Consistently-measured outcomes

Consider whether outcomes were assessed similarly in the people being compared.

If a possible outcome of a health action is assessed differently in the different groups in a comparison of health actions, differences reported in that outcome may be due to how the outcome was assessed rather than because of the health actions carried out by people in each group.


In a comparison of health actions (things people do for their health), if the people assessing the outcomes believe that a particular health action works and they know which participants took that health action, they may be more likely to record better outcomes in those participants. One way of preventing this is to keep outcome assessors unaware of (“blind” to) which people have been allocated to which health action.

Systematic differences in outcome assessment (“measurement bias”) can make the effects of health actions appear either larger or smaller than they actually are.
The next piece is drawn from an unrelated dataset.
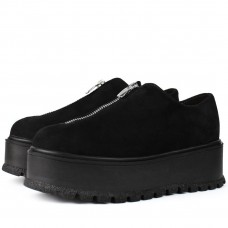 Pantofi casual dama, Glemis, piele naturala intoarsa - Model: IB-2275, Culoare: Negru velur, Marime: 38 (24.5 cm)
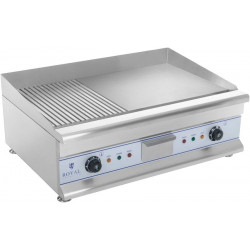 Royal Catering Plancha Eléctrica Fry-top Doble 75 cm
Blinding is less important for “objective” outcomes, like death, than for “subjective” outcomes, like pain.

Although it is not always possible to blind healthcare providers or participants in randomized trials, it generally is possible to blind outcome assessors. However, for some outcome measures, such as patient-reported outcomes, this is not possible if the patients participating in a trial cannot be blinded. It is also sometimes possible to blind outcome assessors in non-randomized studies. When blinding is not possible, it is important to consider that the results of the comparison may be misleading.


A fair comparison of laser surgery with non-surgical treatment for people with angina (chest pain caused by reduced blood flow to the heart). The severity of angina one year after the treatment was assessed both by investigators who were aware which treatment the participants had received (i.e., unblinded) and by trained interviewers who were not aware which treatment the participants had received (blinded). Comparison of all the researchers’ assessments showed that the non-blinded investigators’ assessments favoured the laser surgery over the non-surgical treatment more often than the blinded interviewers’ assessments did. The researchers estimated that 28% of the apparent angina improvement was due to bias resulting from unblinded outcome assessment.


Remember: Be careful about relying on the results of comparisons if outcomes were not assessed in the same way in the different comparison groups.